The First Day of the Rest of My Life

Monday, April 17, 2006


Before I begin, allow me to elaborate on the source of my anger. On a Catholic dating site I belong to, there's a columnist named Mary Beth Bonacci. She posts on the Catholic single life and other such topics. Her most recent article has to do with "The Masculine Gift." You may need to register to read the whole thing, but I suggest you do try to read it.

I've never been the most "macho" guy in the world. In grade school, I was the one being hit, not the one doing the hitting. Not really athletic (save for a stint in middle school running sprints and middle distances) or anything like that. But masculinity and I have never really run together. Now, after years of having it drilled in my head that I shouldn't be an oaf, now comes advice that maybe that's what I should have been going for the whole time.

But one passage really got to me. From the article:
"Let me say that, as a woman, I have no objection to a man being 'in touch with his feelings.' I think it’s nice, in fact. But given a choice between a man who is in touch with his feelings, and a man who can confidently throw a punch when the situation calls for it, I’ll take the guy who can throw a punch any day."

Great. Not only do I avoid conflict at all costs, but if I were to throw a punch, one of two things would happen. Either I would miss, or connect with the force of a wet noodle, and end up getting decked myself.

So I guess this means less Coldplay and more AC/DC. Less TLC, more Spike.

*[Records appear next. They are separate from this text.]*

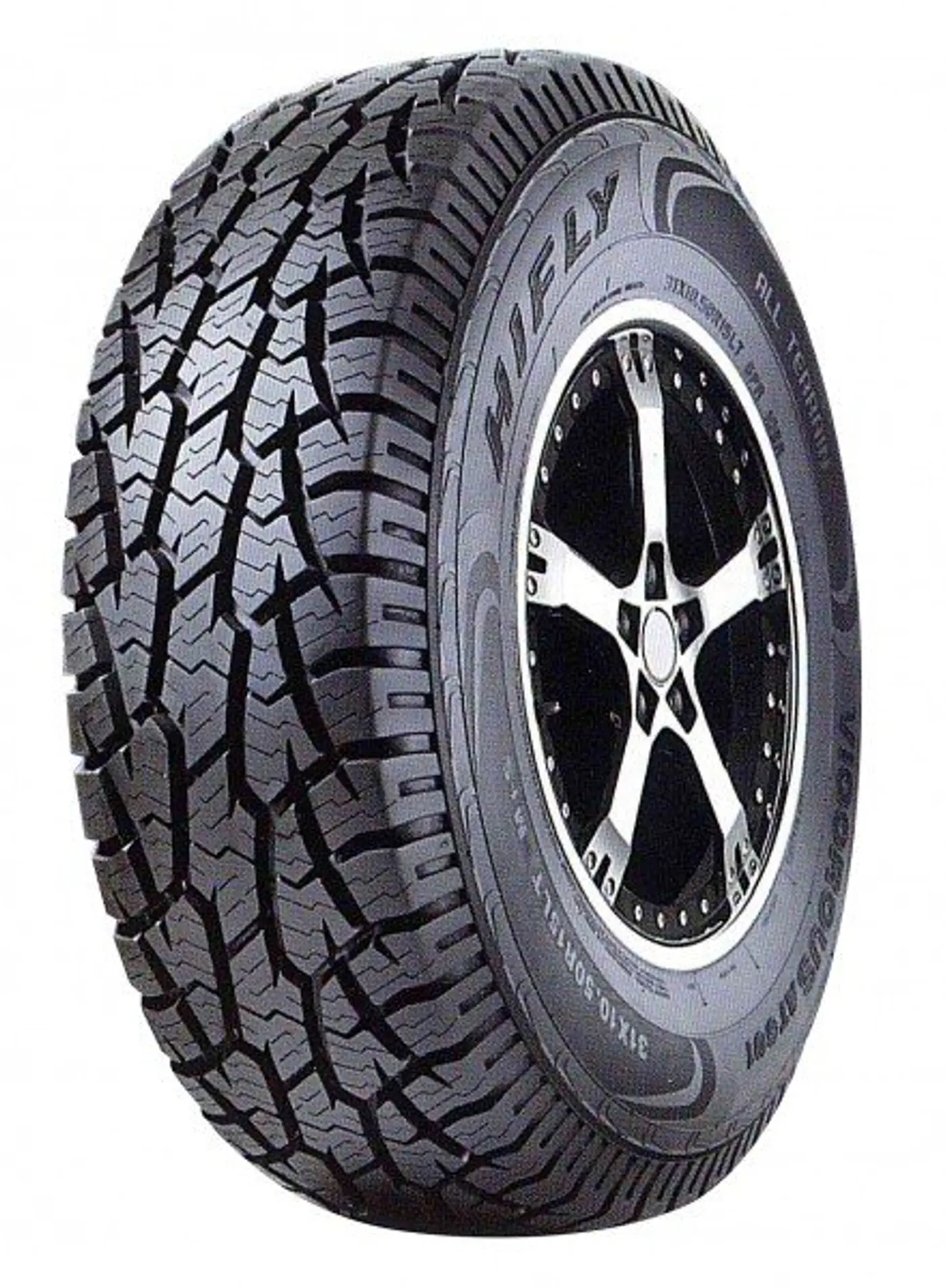 R16 265 70 Hifly Vigorous AT601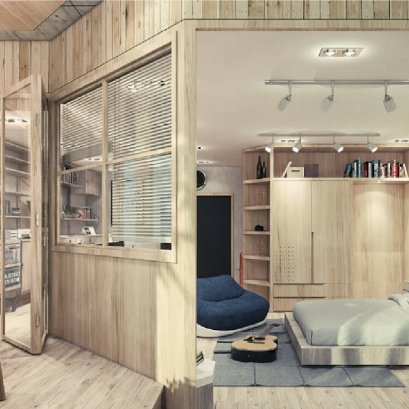 ออกแบบตกแต่งภายใน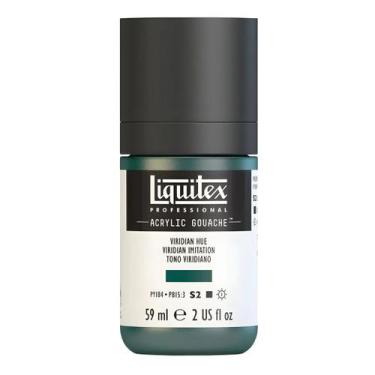 Imagem de Tinta Guache Acrilica 59ml S2 Liquitex Escolha a Cor, 398 VIRIDIAN HUE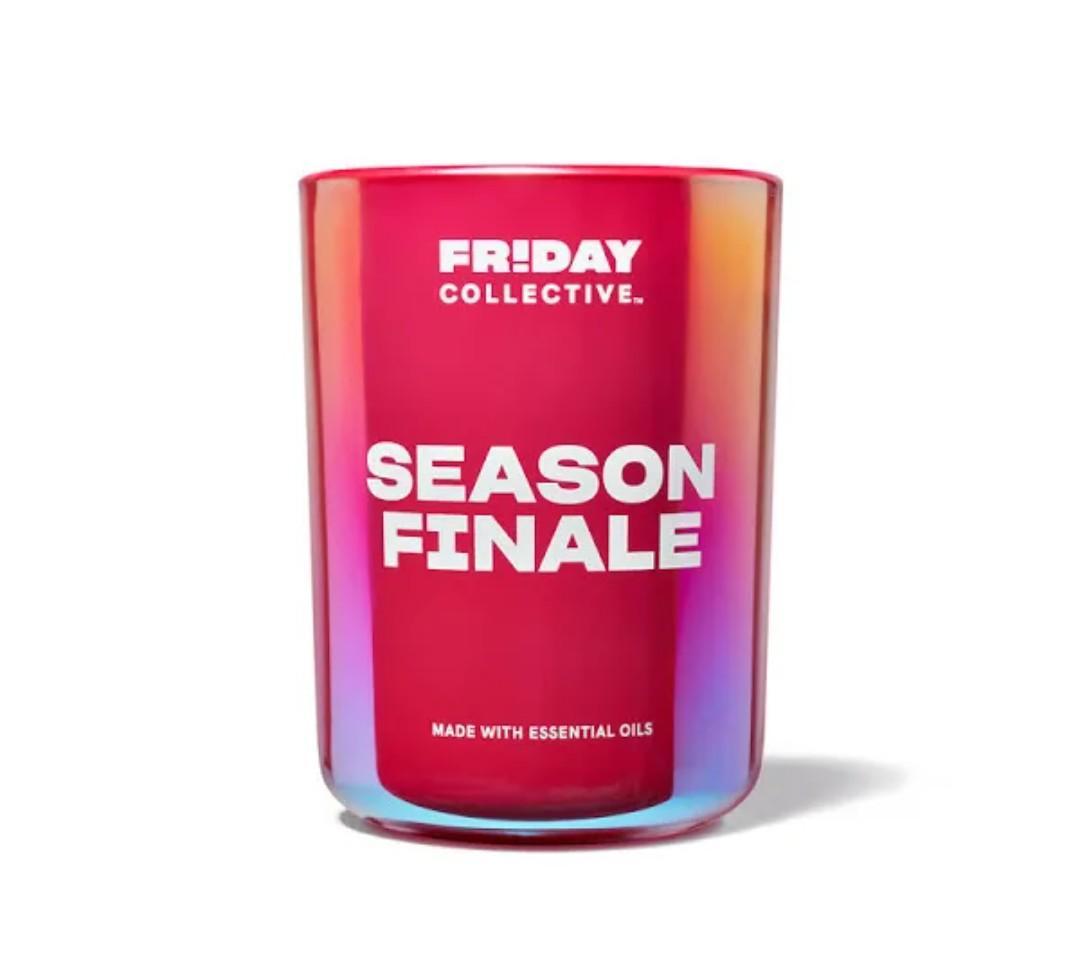 Friday Collective Season Finale 8oz Candle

Less GQ, more Maxim. (Okay, so maybe it's not ALL bad...)

Back in 2003, I thought my status in the dating world was pretty bad. Now, I find it's even worse.


  • Wow.

    Normally, I'd be right behind Bonacci all the way (She's the one who wrote "Real Love", a book I believe I once urged you to read...). I have often been the one to cheer her on.

    But in this regard, I totally don't agree with her, and I don't think you give yourself enough credit.

    Being "Masculine" or "macho" does not at all mean being able to throw a punch. And being "in touch with your feelings" isn't mutally exclusive from being able to hold your own in a fight. I know several really sensitive guys who are great fathers, husbands, boyfriends, who, if ever they found themselves backed into a corner, could fight their way out of it and not break a sweat (they study Shao Lin Kung Fu)... Bonacci is taking a really narrow-minded view of things, and I pity her if she thinks there are only two kinds of men in the world.

    As for you and your level of "macho-ness": Think about it, Greg - you belong to a fraternity. You're crazy-insane about football. You play the drums. You persue your passions full-throttle.

    I've never, ever considered you to be un-manly or un-masculine. Your confidence in your ability to throw a punch is really a non-issue. It would just take some training, if ever you decided to go that way.

    Be that as it may, fist fights are the easy way out. It takes a real man to be able to diffuse a situation with words or by walking away. Animals beat each other up. Men allow each other to have their differences and respect each other, and walk away, unbloodied and intact.

    Trust me - this isn't something you should seriously try to change about yourself, and if it *is* something you wish to amend, be sure you're doing it for the right reasons - for spiritual and emotional health - for the improvement of spirit and mind... not because Bonacci thinks it's fruity to be in touch with your feelings.